Local storage and session storage are compliant with privacy laws if you follow the guidelines for compliance with privacy laws. In brief, you need to inform users about the usage of cookies, local storage, and session storage, allow them to consent to this or to decline, and protect their private information. Add local storage and session storage to your Privacy Policy or Cookie Policy. CookieScript CMP can help you to collect and manage user data through cookies, local storage, and session storage in privacy laws- compliant way.
Do I need to add local storage to my Cookie Policy?
Yes, you need. A Cookie Policy is needed to inform users about the collection and usage of their data, as required by privacy laws. Since local storage collects and uses personal data, it must be added to your Cookie Policy. Use CookieScript CMP to collect and the manage personal data of users in privacy laws-compliant way.
Do I need to ask consent to use local storage on my website?
Under the GDPR and other privacy regulations, you need to get user consent before storing personal data in any form, whether it is in cookies, local storage, or session storage. Website users should be fully informed about what data you collect and store, and for what reasons, and they should have the opportunity to consent to this or to decline. However, the requirements can be different depending on the privacy laws.
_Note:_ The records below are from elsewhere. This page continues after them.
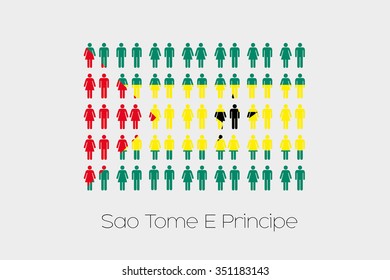Illustration of Men and Women with the Flag of Sao Tome E Principe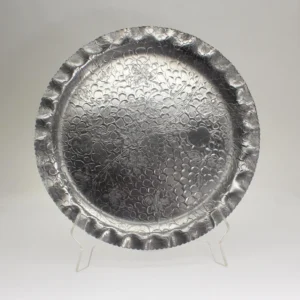VINTAGE Mid Century Stamped Aluminum Serving Tray. Grape Vine Motif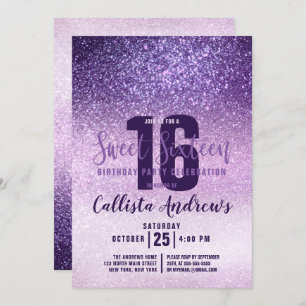 Convites Violet Lilac Roxo Triple Glitter Ombre Sweet 16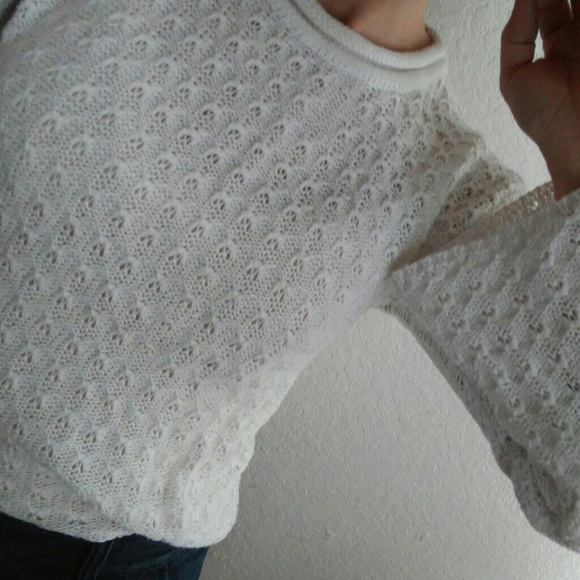 Vintage Sweaters - Vintage Hand Crocheted Bell Sleeve Sweater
CookieScript CMP has geo-targeting and privacy laws-compliance hints, so you can manage user consent based on the jurisdiction you’re in.
Does CookieScript allow blocking local storage and session storage?
Yes, CookieScript has the functionality of blocking local storage and session storage. CookieScript Cookie Scanner checks for local storage and session storage and blocks them according to your selected categories. Then CookieScript CMP shows a Cookie Banner, providing detailed information about cookies, local storage, and session storage, and asks for user consent to use them. If user consent is granted, local storage and session storage are placed on a user’s device and are shown in cookie declaration. If user consent is rejected, local storage and session storage remain blocked.
How to block Local Storage and Session Storage?
The best way to detect and block local storage and session storage is by using a professional Consent Management Platform (CMP). It shows a Cookie Banner, providing detailed information about cookies, local storage, and session storage, and asks for user consent to use them. If user consent is granted, local storage and session storage are placed on a user’s device and are shown in cookie declaration. If user consent is rejected, local storage and session storage remain blocked.